Story By George Chen

"There’s bad music everywhere," sings Kevin Blechdom to a packed nightclub, inciting laughter with the follow up lyric, "I’m gonna fuck the music into the ground!"

She’s performing a solo set accompanied only by a laptop, a mixer, and a microphone, but this song is actually a staple of the Blectum from Blechdom’s repertoire. In the past it was performed behind the glow of a digital screen and bleeping lights of a sampler, Kevin joined at the hip with partner in crime Blevin Blectum (literally joined together at the butt, wearing Siamese-twin jumpsuits). Tonight, Blevin watches the set nearby, a few rows deep in the standing-room-only crowd at Oakland’s Stork Club. Blevin has just played her own set of stuttering beats and a matching video projection to the same audience. This evening, even with both members performing, we are not watching a Blectum from Blechdom show. Confused yet?

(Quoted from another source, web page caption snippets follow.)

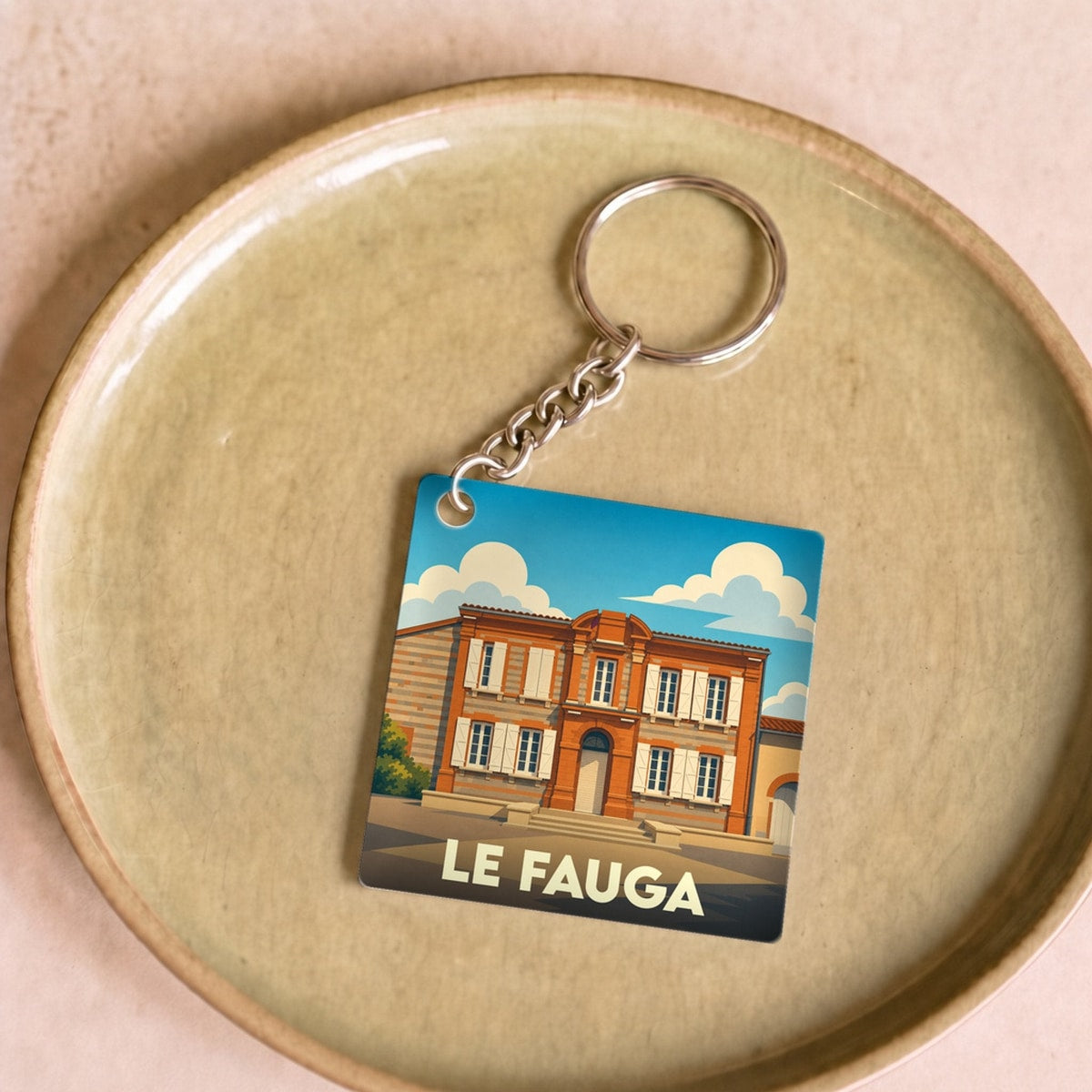 Porte-clés souvenir de la ville de Le Fauga avec une illustration stylisée de son patrimoine.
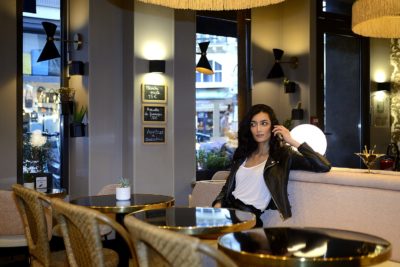 Une mannequin aux cheveux longs et noirs, vêtue d'une veste en cuir noir sur un haut blanc, est assise sur un canapé beige dans un café moderne. Elle parle au téléphone. Le café, peut-être capturé par l'œil du photographe Thomas Duclert, dispose de tables rondes aux plateaux réfléchissants, de chaises en osier et d'un éclairage d'ambiance. Un menu écrit sur un tableau noir est affiché sur le mur derrière elle.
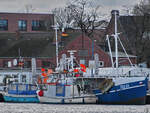 Die Fischereiboote TRA 64  HANSEAT  und TRA 006  SANTOS  waren Anfang April 2024 in Travemünde zu sehen.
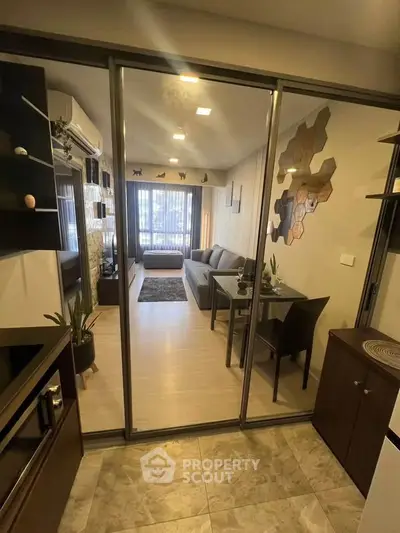 Modern living room with glass partition, stylish decor, and cozy seating area.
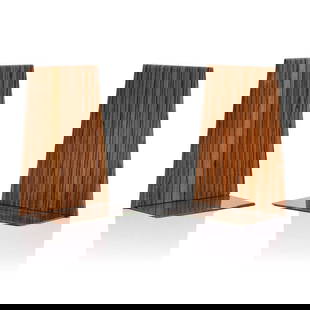 Kai Kristiansen (Danish, b.1951),: a pair of zebrawood bookends, 1960s, designed for Feldballes Møbelfabrik, each of trapezoid form, with a stainless steel base,10cm wide5cm deep14cm high (2)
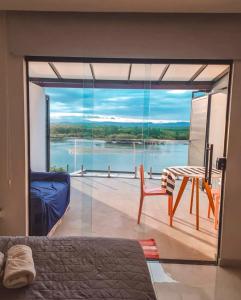 a bedroom with a view of the water at Suítes Luxo Marambaia- Epic House in Rio de Janeiro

Good. Befuddlement can be forgiven -- it might even be the goal. With the barrage of laptop-based electronic music streaming out of the Bay Area and into the international music press, Blectum from Blechdom stand out for their confounding meld of beats, performance art, populism, absurdity, and fun. From such ribald shenanigans as donning T-shirts with flames emblazoned over the nipples whilst singing "my tits are on fire!" to performing a college thesis in the bathroom of their alma mater, Blectum pushes the stereotype of the Intelligent Dance Music geek back into the pale, pixel-tanned basement from whence it sprung. Fiddling with Freudian imagery and screwing with technology’s drive to assimilate, Blectum from Blechdom’s trans-genre stew makes them oddballs and enigmas, outsiders both from the avant-breeding ground that birthed them and the commerce-driven world of dance music.

The musical union of Blectum from Blechdom stems from an accident. Kristin Erickson and Bevin Kelley were both scheduled to play a Halloween party organized by Erickson’s then-boyfriend. They ended up performing to promote it at Oakland’s Mills College. Erickson had transferred to Mills from Florida State University with a history of conservatory training in piano. She sought refuge from unsupportive teachers who dismissed her compositions, like one for the children’s toy "Simon," and hoped to find it at the all-women’s college. Bevin Kelley had started a graduate music program as a violinist after attending Oberlin, but promptly switched to the electronic music program at Mills, realizing that classical music was not her passion. In Ohio she’d been turned on to dance music from Detroit and DJed at the college radio station under the name D84. Neither one knew the other back in 1998, even though they shared classes. The Halloween performance was supposed to be two distinct sets flowing into each other, but when Kelley started her beats and mixed in with the ending of Erickson’s solo piece, the two found the sounds matched-up in unexpected ways.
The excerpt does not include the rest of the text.